The last-place Seahawks (9-28, 4-18 in SCC) mounted a comeback with a fourth-inning, 3-run HR by Cade Barger and a 2-run jack by Troy Harding in the fifth. Harbor knocked out starter Kyle Noell, slicing the lead to 13-7. PCC's offense responded with five runs over the next three innings to put the game out of reach. 

On the roll coll after Castillo (four RBI), Trabbie was 1-for-3 with four RBI (reached base four times), Kuriya 2-for-3 in reaching base five times, shortstop Jack Esguerra was 2-for-4, a double, two walks and two RBI, Aryonis Harrison 1-for-3, three walks, two RBI, and Ureta 2-for-5 with two ribbies. 

PCC scored 18 of its 31 baserunners, including 15 hits, as six LAHC pitchers totaled 228 pitches, but a staggering 117 for balls. 

Meanwhile, reliever Ben Griffith (2-1) earned the mound victory with his longest and best performance of 2023 in hurling four innings of 2-hit, shutout ball. Lefty Ian Schenk threw an impressive scoreless ninth by recording all three outs on strikeouts sandwiching two hits. 
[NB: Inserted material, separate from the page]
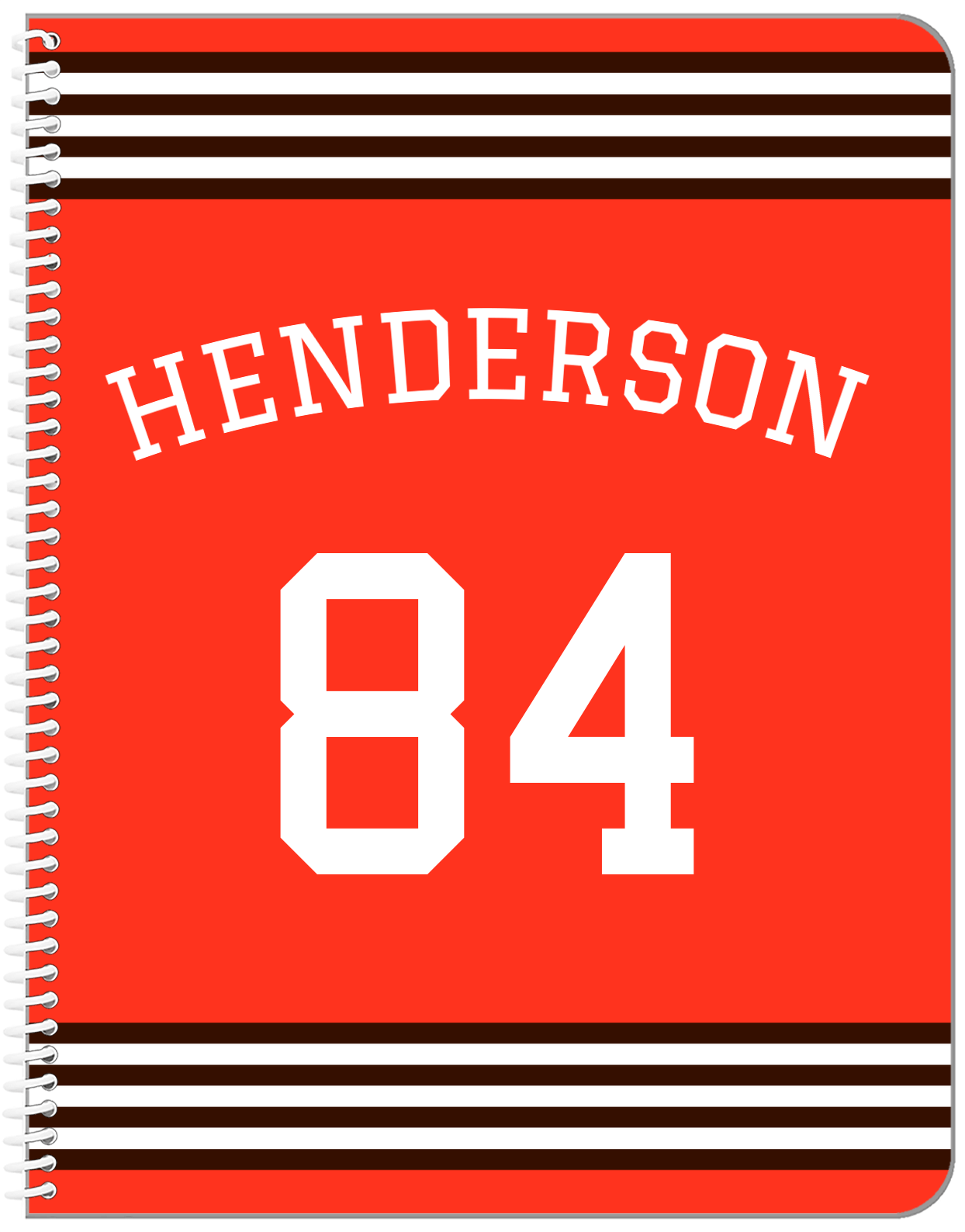 Personalized Jersey Number Notebook with Arched Name - Orange and Brown - Triple Stripe - Front View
PCC's power numbers are unprecedented under McGee since he took over the program before the 2015 season. The Lancers have hit 22 home runs, four more than the previous McGee team high of 18 slugged last season. Designated hitter Patrick Garcia leads the pack with six dingers while eight different players have gone deep overall. It's the most homers by a PCC team since the 1999 squad bombed 33 homers, 10 each by Kenny Okamura and Frankie Contreras. Only seven different players went yard on that squad. 

Trabbie took over the RBI lead in the SCC with 42 while continuing to top the league in doubles with 18 (tied for third in triples with four). Kuriya is second in the conference in on-base percentage with a .490 mark. In 19 conference games only, Trabbie is a MVP candidate as he is second in batting average (.405), tied for second in triples (three), third in slugging percentage (.671), and tops the South Coast in hits (32), doubles (12), and RBI (25). Defensively, he is a bonafide gold glove candidate who has a .990 fielding percentage in 303 chances this season. 

At Palomar, catcher Matthew Delgado and Esguerra each had two hits. PCC trailed just 4-3 before the Comets posted four runs in the eighth. 

In the extra-inning defeat v. AHC at Brookside Park, the Lancers tied it at 5-5 when Esguerra scored on a wild pitch in the seventh. In the 10th, the Bulldogs Brayan Nunez belted a 2-run HR for the decisive blow. Catcher Matt Rice hit a 2-RBI double in the sixth as a lone hitting highlight.

In the second defeat at Hancock, Guardado launched a 2-run homer for a 3-2 Lancers lead in the sixth. Kuriya's RBI single up the middle gave Pasadena 4-3 lead in the ninth. An error led to both Hancock's runs as Gavin Long hit a walk-off, sacrifice fly to end it.

The Mitchell brothers pitched the whole way with younger brother Tyler Mitchell starting with 2.1 innings (four hits, two runs) and older sibling Coleman Mitchell taking the hard-luck defeat despite 6.1 innings of 6-hit ball and just one earned run. Aryonis Harrison and Trabbie had 2-hit games. 

Against Chaffey, Kuriya batted 3-for-4 with two RBI, Trabbie 2-for-5 with a triple, and Aryonis Harrison 2-for-3 and two stolen bases. In the ninth, PCC loaded the bases on singles by Harrison, Trabbie, and Rice, but Panthers reliever Brock Mayer got Guardado to ground out to him to close their win.